The Roscommon defence was tested against Armagh

Unfortunately, none of their three opponents in the group will allow that to happen and their attacking intent will expose their lack of individual quality in defence.

The other is Kerry.

Eamonn Fitzmaurice appears to have placed all of the good china in a basket in the attacking end of the field, relying on a high yield of possession and the irresistible nature of their attacking potential.

At a glance right now, the Kingdom’s options on the front foot, starting and coming off the bench, are frightening but some of that has yet to be tested at the highest level.

Should that malfunction at any stage, like Roscommon, the expectation is that Kerry do not have the individual defenders to cope with quality forwards in space. Fitzmaurice’s gamble is that their defensive gameplan offers little or no protection to those defenders.

In a couple of weeks Kerry will make the trek to Clones. This Monaghan team are masters of cutting off the oxygen to potent attacks and they make you pay heavily for leaving space behind when you attack. We will know definitively about Kerry’s credentials as All-Ireland contenders based on how they cope with the Monaghan conundrum – a test they failed badly with a weakened team in spring.

Monaghan have the defensive structure to frustrate Kerry

Balance in attack and defence is the holy grail with evolving any gameplan and there are coaches in Division 3 and 4 who will grumble at the very concept. For most teams a balance exposes their weaknesses and personnel quality dictates that maximising either defence or attack and doing your best with the rest is the most fruitful approach.

There is of course a ceiling to where that can bring you but it can certainly create a platform to build off.

Dublin are the envy of everyone in terms of their balance between attack and defence.
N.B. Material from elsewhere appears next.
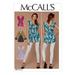 McCall s Sewing Pattern Misses V-Neck Gathered Tops with Sleeve and Tie Variations-L-XL-XXL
Both are collective pursuits and in many ways what they do with and without the ball is earmarked by simplicity. Simplicity is very effective when you have individual quality in every position on the pitch and particularly defensively.
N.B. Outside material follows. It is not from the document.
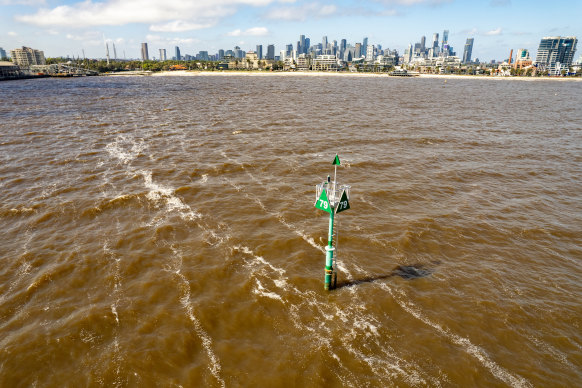 Port Phillip Bay on Wednesday, after recent rains across the state.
This Dublin team have been a marvel in recent years but there are and have been teams with their match of attacking talent.

Kerry may have superior options this year.

However, it is the quality of their individual and collective defending in contact that sets them apart. They typically drop one cover player off to eliminate the direct ball from opponents and then to press the ball in danger areas. Everyone else is trusted to deal with whatever opponent they are tracking.

Cian O’Sullivan is brilliant in his cover role but the warrior qualities of Philly McMahon, Jonny Cooper and Michael Fitzsimons to go toe to toe with marquee forwards is unmatched presently.

Put simply, Dublin don’t need the extra layers of defenders that Tyrone, Galway, Donegal and other teams commit because of the quality of their man-to-man markers supported by a smart covering defender.

When this Dublin team begin to slip from the summit it will be because those three are struggling to maintain their superb standards.

Society now dictates that there are very few secrets with any public pursuit. Players are more aware than ever of what is possible and what others are doing and hungry teams will demand the very best from their coaches – rightly so.

The challenge is the same at all levels of the game – how do you coach your team to play with and without the ball to maximise your potential and minimise your opponent’s?

Sometimes the answers change every week.